Task brief = Exact reproduction required: the lines below from the line with "Afbeelding van Wijzonol" to the line with "مهرهای حرم امام", both ends included, and no others.

Dataset excerpts =
----
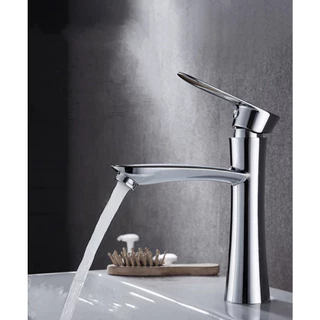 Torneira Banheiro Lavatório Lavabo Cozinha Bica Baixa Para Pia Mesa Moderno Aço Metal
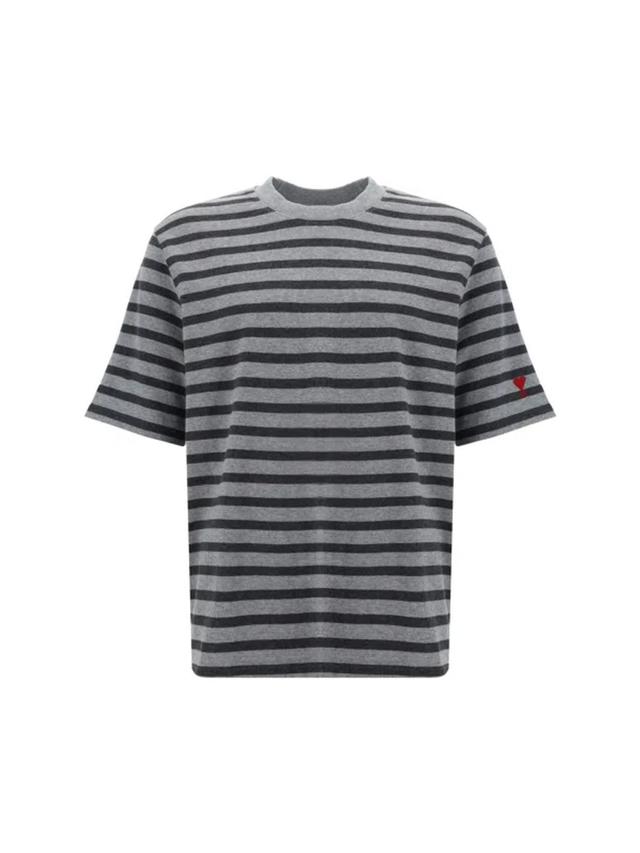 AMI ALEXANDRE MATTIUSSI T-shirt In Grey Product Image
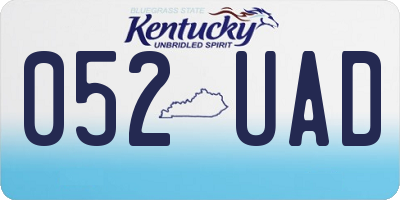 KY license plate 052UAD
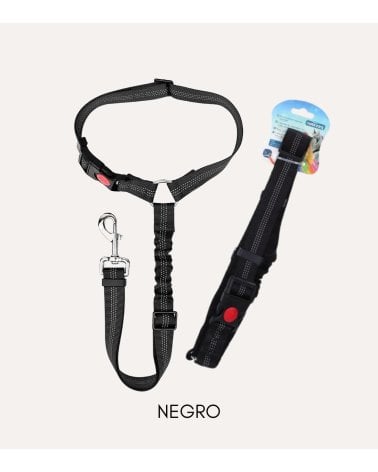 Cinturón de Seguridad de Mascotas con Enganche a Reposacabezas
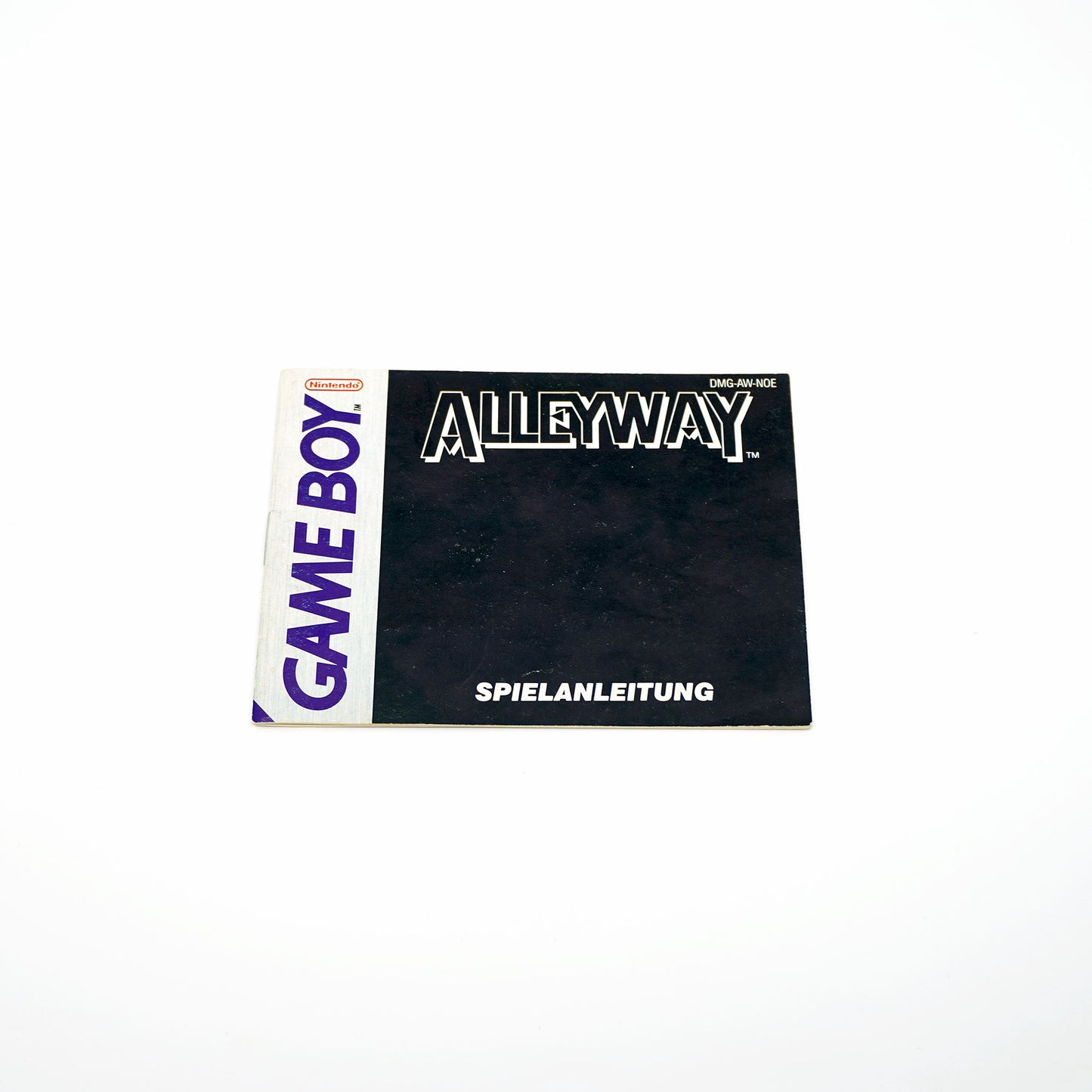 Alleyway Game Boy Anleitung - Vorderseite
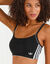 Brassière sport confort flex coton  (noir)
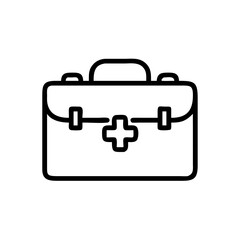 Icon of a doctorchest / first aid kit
----
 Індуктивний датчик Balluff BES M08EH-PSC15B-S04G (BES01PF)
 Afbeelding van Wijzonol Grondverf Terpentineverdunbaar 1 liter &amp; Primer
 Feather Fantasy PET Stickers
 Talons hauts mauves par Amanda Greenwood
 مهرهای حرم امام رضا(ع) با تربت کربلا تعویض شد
----
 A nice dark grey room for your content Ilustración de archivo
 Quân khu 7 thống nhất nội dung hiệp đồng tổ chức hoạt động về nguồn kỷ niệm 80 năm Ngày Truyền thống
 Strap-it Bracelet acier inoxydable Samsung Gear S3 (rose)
----
Exercise result =
 Afbeelding van Wijzonol Grondverf Terpentineverdunbaar 1 liter &amp; Primer
 Feather Fantasy PET Stickers
 Talons hauts mauves par Amanda Greenwood
 مهرهای حرم امام رضا(ع) با تربت کربلا تعویض شد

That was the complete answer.